# Atom Types

One area not mentioned in our example OPLS paper is how to get the right parameters in each of the terms in the functional form. We glossed over this in the description of the section on the Functional Form, noting that we had various sets of parameters for the Lennard-Jones potential and for the torsions but not going deeper. If you read the paper you will notice that they use specific molecules and functional groups in the description of the parameters. In Table III the Lennard-Jones are described by the type of carbon atom and an example:

The torsion parameters just use an example:

Presumably when this paper was written and computers were much smaller, the simulations were smaller and simpler so it was not an issue to set them up by hand, matching the atoms in the molecules to the descriptions in the paper. However as the systems became larger and more complicated, many of the forcefields for organic and biomolecules migrated to a more formal concept of “atom types”. The concept is simple: every atom has a local environment, which to a first approximation is defined by the nearby atoms and the bonding. If the atoms have identical environments, then they are the same “type”. If the environments are different but quite similar then the forcefield developer may lump them together in a single type, though what is similar is a matter of opinion, so different forcefields and even different versions of a forcefield may group atoms together in different way.

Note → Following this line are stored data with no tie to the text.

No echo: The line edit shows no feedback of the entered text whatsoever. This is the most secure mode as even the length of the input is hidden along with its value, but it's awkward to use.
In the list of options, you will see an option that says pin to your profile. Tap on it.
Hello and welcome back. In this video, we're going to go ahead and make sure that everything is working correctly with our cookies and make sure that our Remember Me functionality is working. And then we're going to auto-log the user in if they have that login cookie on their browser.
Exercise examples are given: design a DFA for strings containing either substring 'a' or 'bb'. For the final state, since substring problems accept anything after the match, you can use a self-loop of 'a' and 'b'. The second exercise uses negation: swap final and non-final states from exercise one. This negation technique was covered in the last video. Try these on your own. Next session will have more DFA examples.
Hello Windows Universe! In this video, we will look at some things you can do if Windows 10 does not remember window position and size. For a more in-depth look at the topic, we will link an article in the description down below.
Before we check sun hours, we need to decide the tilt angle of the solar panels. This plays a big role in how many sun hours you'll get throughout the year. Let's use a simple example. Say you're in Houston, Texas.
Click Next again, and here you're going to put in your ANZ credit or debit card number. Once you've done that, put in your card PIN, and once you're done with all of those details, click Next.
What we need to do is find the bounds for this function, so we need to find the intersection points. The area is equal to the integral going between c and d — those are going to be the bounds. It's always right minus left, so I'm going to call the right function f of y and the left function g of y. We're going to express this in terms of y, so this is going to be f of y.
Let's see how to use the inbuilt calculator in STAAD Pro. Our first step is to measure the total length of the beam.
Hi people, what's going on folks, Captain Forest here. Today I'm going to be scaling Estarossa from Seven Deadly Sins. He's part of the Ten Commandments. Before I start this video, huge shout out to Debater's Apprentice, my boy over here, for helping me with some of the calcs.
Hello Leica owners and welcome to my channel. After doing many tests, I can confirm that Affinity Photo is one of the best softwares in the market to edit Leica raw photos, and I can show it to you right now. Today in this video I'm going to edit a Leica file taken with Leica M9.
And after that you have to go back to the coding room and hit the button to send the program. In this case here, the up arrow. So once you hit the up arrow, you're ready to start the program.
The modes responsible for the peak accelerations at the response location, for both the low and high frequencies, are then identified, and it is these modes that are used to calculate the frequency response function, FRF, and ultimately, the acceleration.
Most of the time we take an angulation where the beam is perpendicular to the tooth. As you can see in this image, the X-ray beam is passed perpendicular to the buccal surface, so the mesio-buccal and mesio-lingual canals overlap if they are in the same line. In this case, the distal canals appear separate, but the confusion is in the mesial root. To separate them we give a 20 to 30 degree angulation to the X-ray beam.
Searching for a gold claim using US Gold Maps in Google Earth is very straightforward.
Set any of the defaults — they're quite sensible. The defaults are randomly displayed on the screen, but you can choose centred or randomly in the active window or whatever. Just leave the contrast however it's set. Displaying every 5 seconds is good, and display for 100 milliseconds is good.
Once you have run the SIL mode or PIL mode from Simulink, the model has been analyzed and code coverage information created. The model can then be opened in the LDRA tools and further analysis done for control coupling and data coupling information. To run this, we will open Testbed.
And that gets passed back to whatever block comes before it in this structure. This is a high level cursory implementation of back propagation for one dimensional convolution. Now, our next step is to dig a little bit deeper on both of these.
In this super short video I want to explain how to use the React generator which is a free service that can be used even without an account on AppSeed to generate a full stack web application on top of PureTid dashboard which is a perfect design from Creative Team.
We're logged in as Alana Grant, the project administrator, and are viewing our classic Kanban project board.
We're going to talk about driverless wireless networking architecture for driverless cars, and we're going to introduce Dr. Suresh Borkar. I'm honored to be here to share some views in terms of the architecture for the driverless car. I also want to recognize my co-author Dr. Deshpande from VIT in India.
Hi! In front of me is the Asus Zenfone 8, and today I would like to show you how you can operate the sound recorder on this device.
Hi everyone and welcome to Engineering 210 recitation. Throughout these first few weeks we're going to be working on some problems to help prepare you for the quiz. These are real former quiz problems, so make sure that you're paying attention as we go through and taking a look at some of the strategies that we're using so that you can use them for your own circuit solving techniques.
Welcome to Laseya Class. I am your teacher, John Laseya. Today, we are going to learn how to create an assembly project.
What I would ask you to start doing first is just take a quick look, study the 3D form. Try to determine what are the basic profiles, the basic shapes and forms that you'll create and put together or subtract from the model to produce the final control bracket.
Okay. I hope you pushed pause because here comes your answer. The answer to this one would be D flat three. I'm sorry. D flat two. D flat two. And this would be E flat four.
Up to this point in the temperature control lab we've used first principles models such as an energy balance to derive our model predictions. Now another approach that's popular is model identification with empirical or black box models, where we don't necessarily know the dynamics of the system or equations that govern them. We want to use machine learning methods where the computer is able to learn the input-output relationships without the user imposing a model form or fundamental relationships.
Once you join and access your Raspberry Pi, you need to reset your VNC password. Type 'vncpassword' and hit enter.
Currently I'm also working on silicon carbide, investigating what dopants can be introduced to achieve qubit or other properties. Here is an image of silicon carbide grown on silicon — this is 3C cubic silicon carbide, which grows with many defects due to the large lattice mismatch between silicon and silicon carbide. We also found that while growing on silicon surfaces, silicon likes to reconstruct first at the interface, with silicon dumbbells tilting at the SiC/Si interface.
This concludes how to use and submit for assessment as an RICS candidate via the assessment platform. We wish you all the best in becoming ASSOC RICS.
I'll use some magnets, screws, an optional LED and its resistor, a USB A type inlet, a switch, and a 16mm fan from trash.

Working through an example using OPLS might help make this more clear.

## isopentane

The structure for isopentane has four different atom environments. Atoms 1 & 2 are topologically identical. The other methyl group, atom 5, is quite similar but not quite the same. The remaining two atoms, 3 and 4, are a >CH- and -CH2- group repectively.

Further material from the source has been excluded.